----- Recorded data -----

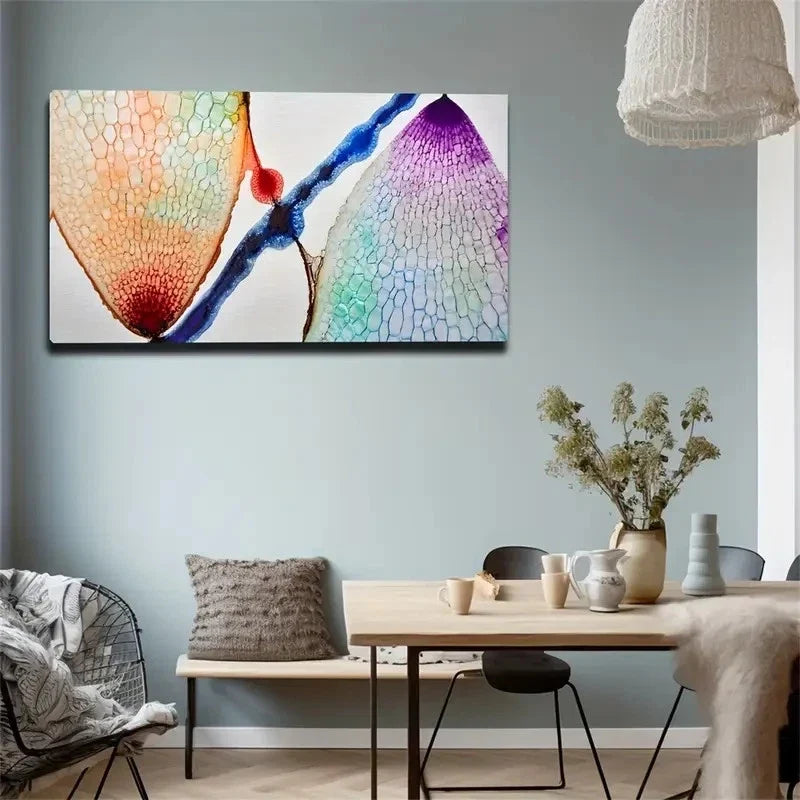 Strange Image Intersection Wall Art Canvas Office Home Room Framed 80x45cm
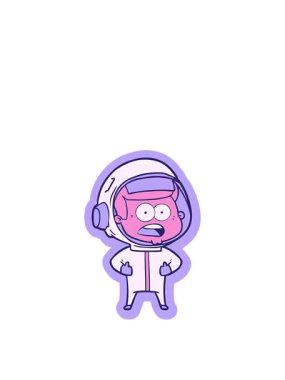 Bir karikatür çıkartmasının zıplama hareketi şaşırttı astronot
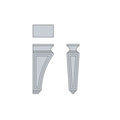 Corbel - 3 7/8″W x 10 7/8″H x 3 1/2″D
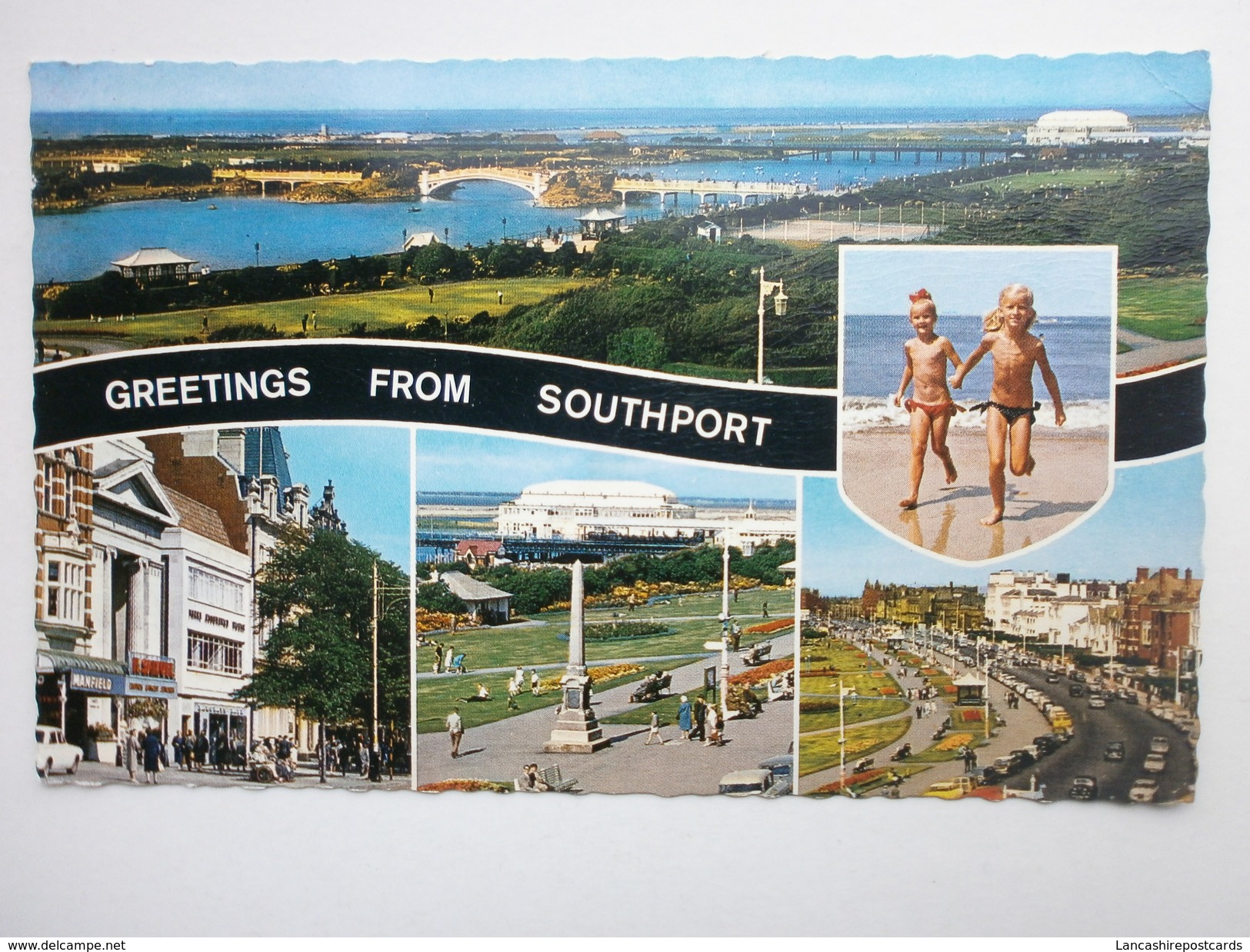 Postcard Multiview Greetings From Southport By Bamforth Southport Flower Show Cancel  My Ref B1535 - Southport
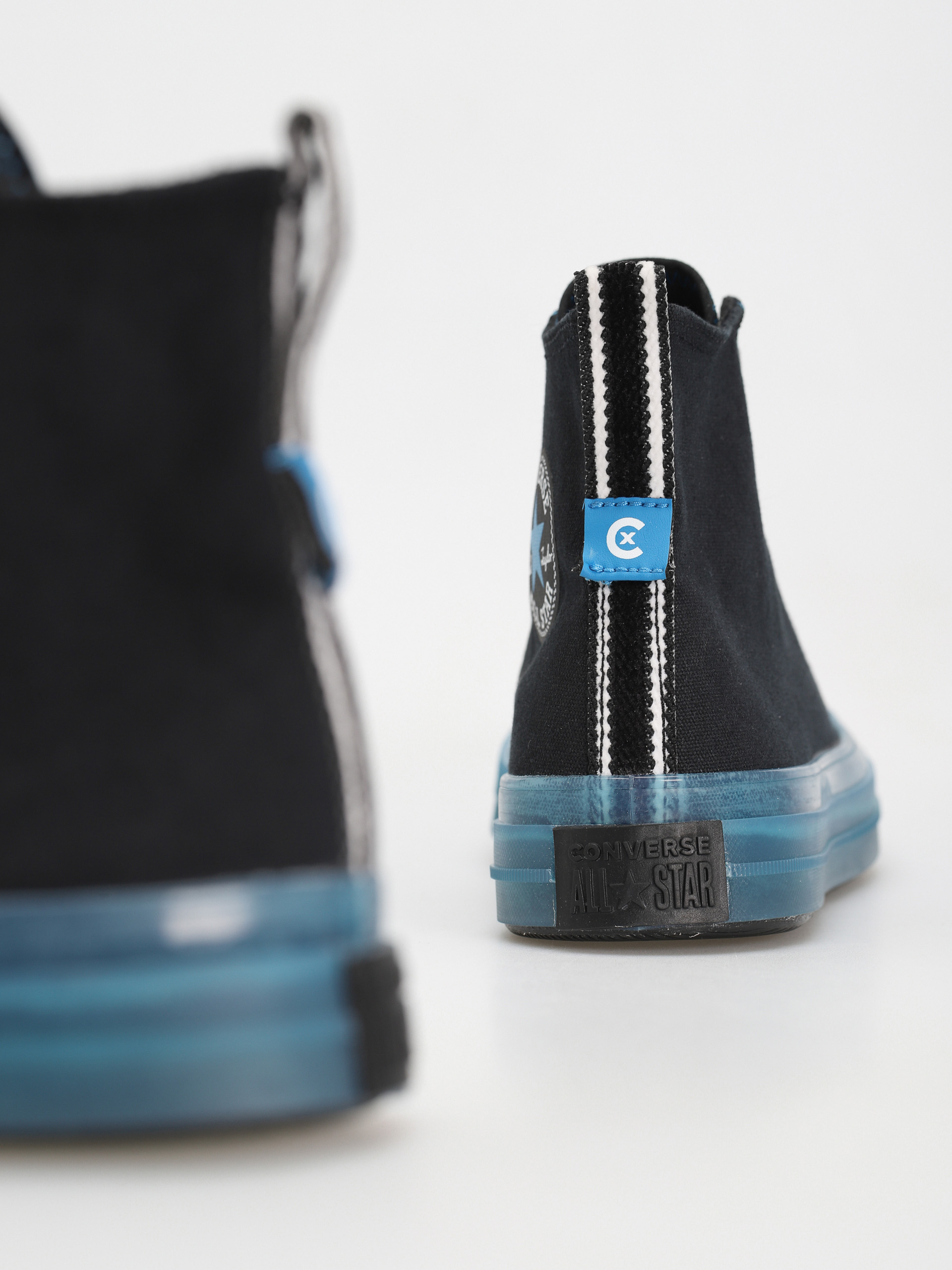 Converse Chuck Taylor All Star CX Explore Hi Shoes (black/dial up blue)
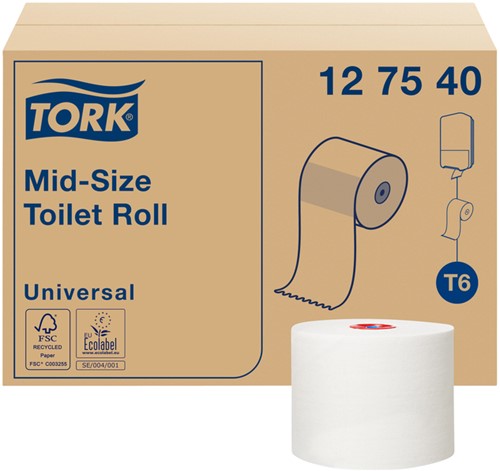 Toiletpapier Tork T6 127540 Universal 1lg 135m ds/27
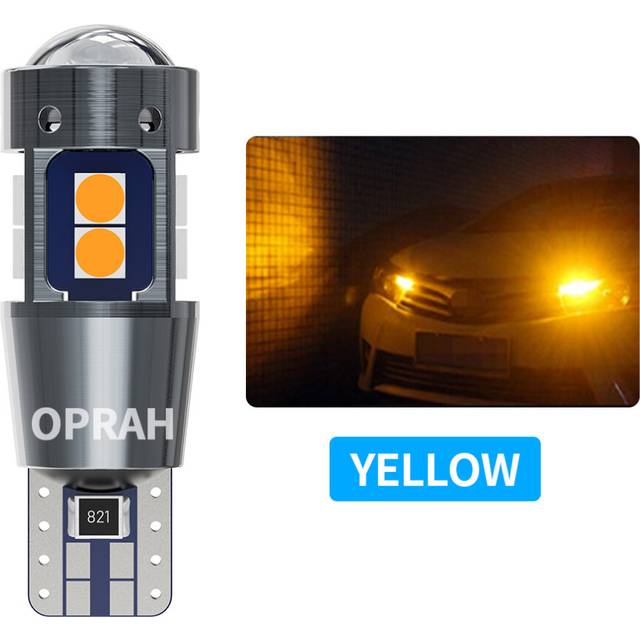2PCS W5W T10 LED Canbus 12V 6000K Super Bright 3030 10 SMD Clearance Wedge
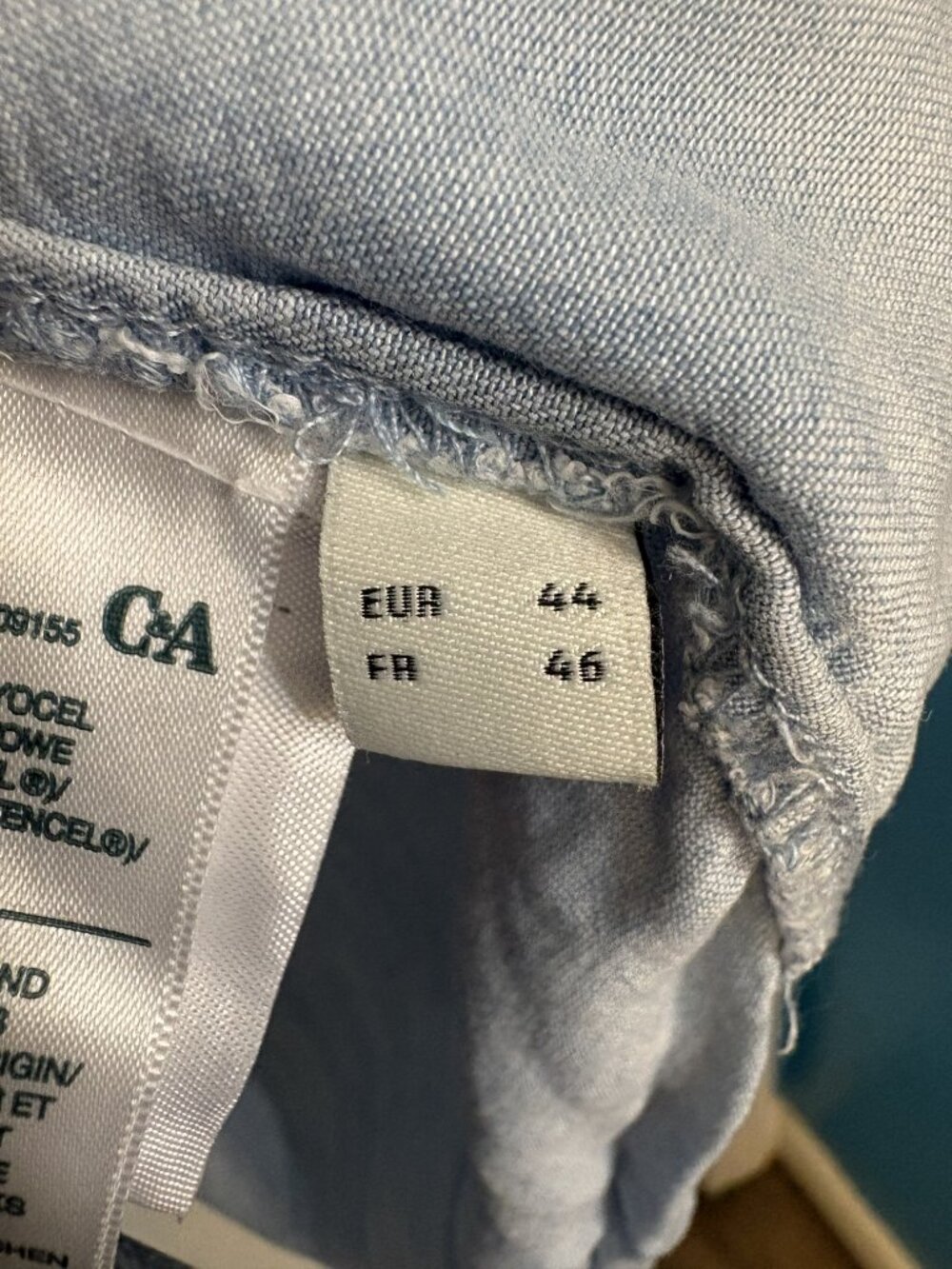 C&A Chambray Denim top - Picture 7 of 8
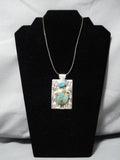 Incredible Vintage Navajo Turquoise Sterling Silver Native American Necklace-Nativo Arts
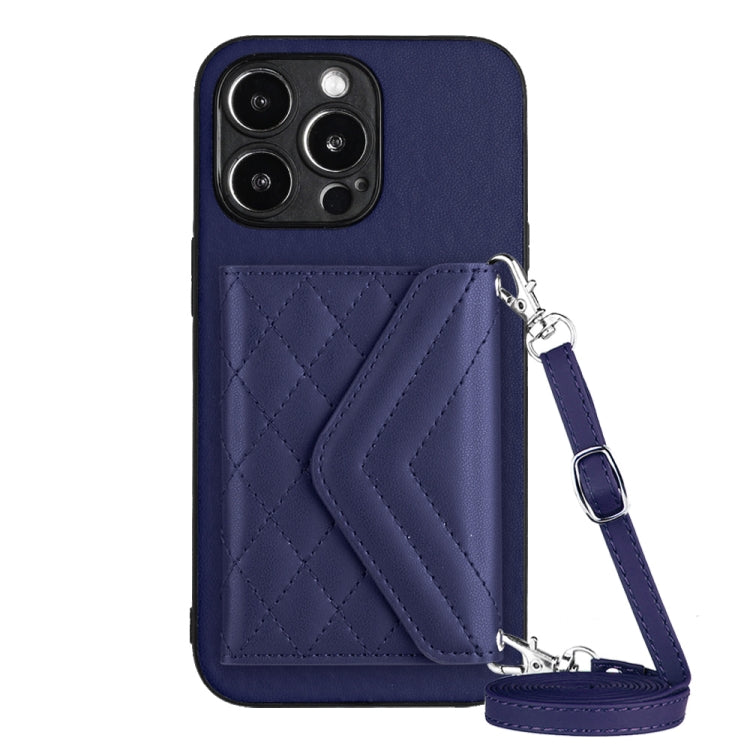 เคสโทรศัพท์แบบกระเป๋าใส่บัตรลายข้าวหลามตัดพร้อมสายคล้องยาวและ RFID สำหรับ iPhone SE 2022 / SE 2020, สำหรับ iPhone 13 Pro Max, สำหรับ iPhone 13 Pro, สำหรับ iPhone 13, สำหรับ iPhone 13 mini, สำหรับ iPhone 12, สำหรับ iPhone 12 Pro Max, สำหรับ iPhone 12 Pro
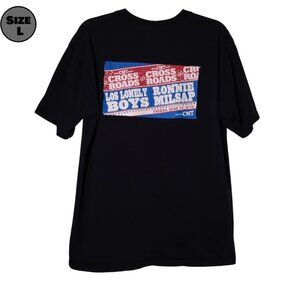 CMT Crossroads: Los Lonely Boys & Ronnie Milsap USED Shirt (L, Y2K, Promo)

-----

To do »
Could you transcribe every entry above exactly, leaving out the images?

Result for this task »
 Strange Image Intersection Wall Art Canvas Office Home Room Framed 80x45cm
 Bir karikatür çıkartmasının zıplama hareketi şaşırttı astronot
 Corbel - 3 7/8″W x 10 7/8″H x 3 1/2″D
 Postcard Multiview Greetings From Southport By Bamforth Southport Flower Show Cancel  My Ref B1535 - Southport
 Converse Chuck Taylor All Star CX Explore Hi Shoes (black/dial up blue)
 Toiletpapier Tork T6 127540 Universal 1lg 135m ds/27
2PCS W5W T10 LED Canbus 12V 6000K Super Bright 3030 10 SMD Clearance Wedge
 C&A Chambray Denim top - Picture 7 of 8
 Incredible Vintage Navajo Turquoise Sterling Silver Native American Necklace-Nativo Arts
 เคสโทรศัพท์แบบกระเป๋าใส่บัตรลายข้าวหลามตัดพร้อมสายคล้องยาวและ RFID สำหรับ iPhone SE 2022 / SE 2020, สำหรับ iPhone 13 Pro Max, สำหรับ iPhone 13 Pro, สำหรับ iPhone 13, สำหรับ iPhone 13 mini, สำหรับ iPhone 12, สำหรับ iPhone 12 Pro Max, สำหรับ iPhone 12 Pro
 CMT Crossroads: Los Lonely Boys & Ronnie Milsap USED Shirt (L, Y2K, Promo)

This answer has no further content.